Thank you. Our first question is from Matthew Lee from Canaccord. Please go ahead.
Good morning, guys, and thanks for taking my question. I wanted to hone in on the Canadian PBB segment, which saw sequential improvement in impaired PCL. I thought it was against the industry-wide trend in this space. Could you maybe talk about the puts and takes in that business and maybe how we should expect that trend in the back half of the year just given an increasingly strained Canadian consumer?

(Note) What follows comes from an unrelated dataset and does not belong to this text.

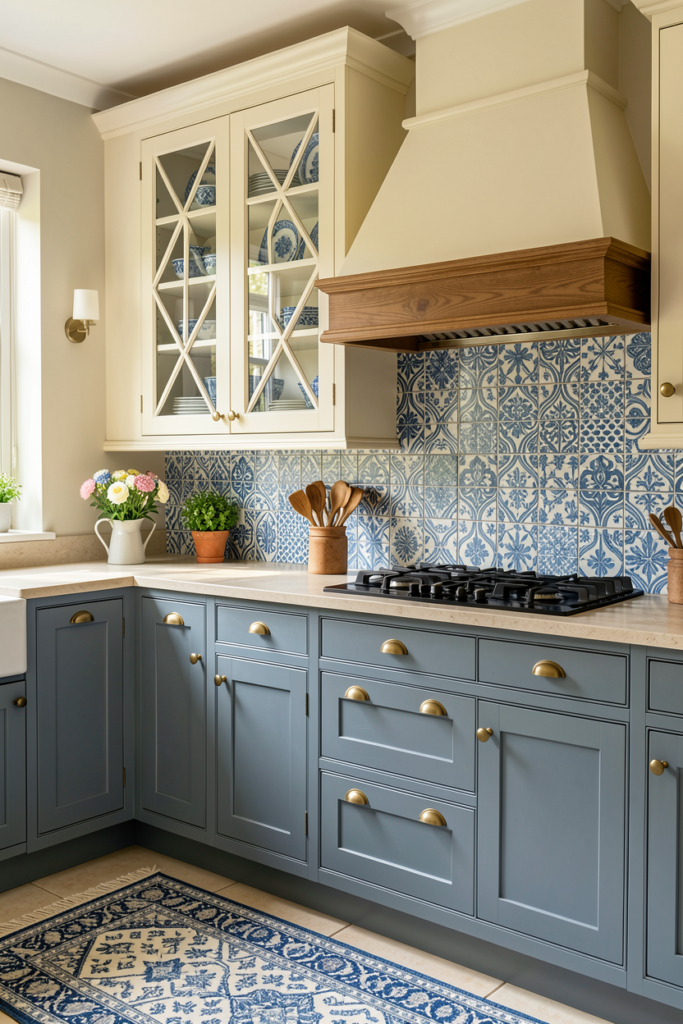 Two-tone kitchen with blue lower cabinets and patterned tile backsplash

Thanks, Matthew. Thanks for the question. I think as we guided in my prepared remarks, we continue to expect NCLs trending up a little bit more in the second half of the year. And that should be expected against the macroeconomic environment. But we do remain overall very comfortable with our performance and credit quality in the Canadian consumer book. We're very intentionally focused on growing relationships with clients with strong credit quality. We have invested heavily in retail strategies focused on the Mass Affluent segment, even investing in our co-brand credit card has improved overall credit quality for the portfolio. We're also investing heavily in risk strategies and Victor touched upon some of those using AI in bringing in more data to just be very conscious about risky decisions that we are making in the portfolio as an origination during the lifecycle of the loan and even when it comes to collection efforts and pre-delinquency strategies. So I would say a very intentional strategy, good investments that we're making both on the business and the risk side. And that's what you're seeing reflected there in the results notwithstanding we're still guiding to net credit losses to continue to trend up moderately in the second half of the quarter.

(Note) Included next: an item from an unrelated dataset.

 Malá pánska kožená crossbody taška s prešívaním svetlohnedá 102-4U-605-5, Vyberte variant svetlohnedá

Okay. That's helpful. And then …
Sorry, Matthew. Do you have another question? Go ahead.
Oh, no, no, no, go ahead.
No, I want to hear from you, Matthew.
Oh, sure. I just want to ask about the Costco portfolio. It feels like when I go to Costco, get my groceries, enjoy my $1.50 hotdog, I can see how it's really easy to end up with a Costco, CIBC, MasterCard, and perhaps even open a bank account, but just can you elaborate on how you have been able to take that initial interaction with the consumer and turn it into a kind of a longer term multi-product relationship?

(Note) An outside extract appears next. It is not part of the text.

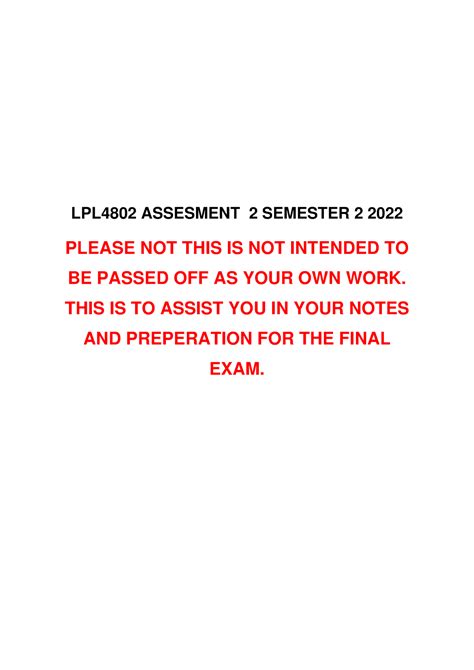 LPL4802 Assesment 2 Semester 2 2022 LPL4802 ASSESMENT 2 SEMESTER 2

Yes. So I'm going to hand it off to Hratch in a moment, that whole Costco strategy is very much tied to our overall client strategy to build a product suite that is market-leading. In that instance, we have a market-leading travel and non-travel credit card portfolio that's been performing very well and to make sure that our clients, including you, Matthew, have an opportunity to do more banking business with us. Franchising the client and making progress on that front is something that we're seeing in a very encouraging way in our partnership with Costco, and quite frankly across our banking business. So Hratch, over to you.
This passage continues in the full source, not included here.